IU East News and Notes

December 16, 2011 |

Duane Lundy, assistant professor of psychology, recently had his manuscript entitled “Critiquing the Critics: Statistical Analysis of Music Critics’ Rating Distributions as a Measure of Individual Refinement” selected for publication in Empirical Studies of the Arts, expected to be published in 2012.

In the manuscript, Lundy evaluates rating behavior among modern music critics, using a previously compiled database that randomly sampled 352 different critics’ ratings of more than 15,000 albums. He used potential quantitative markers of rating refinement by analyzing frequency distributions of album ratings.

Lundy found critics’ ratings as a group to be roughly normally distributed, but individual critics varied widely in rating behavior, as evidenced by both visual inspection of histograms and related statistics, such as skewness, kurtosis, z-score ranges, and Kolmogorov-Smirnov calculations. Precision remains an area in need of improvement among all critics, with the rating scales varying between only 10-20 percent precision, and ceiling effects with somewhat negatively skewed distributions occurring among some critics.

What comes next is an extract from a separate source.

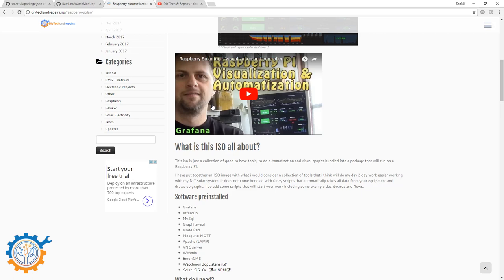With that said, I have a lot more videos coming soon on how to work with the system, especially on how to setup the solar stuff. There is also one more thing on the way.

Jerome Mahaffey, associate professor of communication studies, has a new book, The Accidental Revolutionary: George Whitefield and the Creation of America, by Baylor University Press. The book is a biography on George Whitefield, an influential minister in America from 1740 to 1770.

Previously, Mahaffey compiled 15 years of research on George Whitefield into his book, Preaching Politics: The Religious Rhetoric of George Whitefield and the Founding of a New Nation, released in October 2007.

This new book, The Accidental Revolutionary, discusses Whitefield’s participation and preaching during the Great Awakening, particularly on gospel conversion. In this biography, Mahaffey moves beyond Whitefield’s colonial celebrity to show how his rhetoric and ministry worked for freedom, situating Whitefield alongside the most revolutionary founders. As this Anglican revivalist traveled among the colonies, he delivered exhilarating sermons deeply saturated with political implications – freedom from oppression, civil justice, and communal cooperation. Whitefield helped to encourage in his listeners a longing for a new, uniquely American nationalism.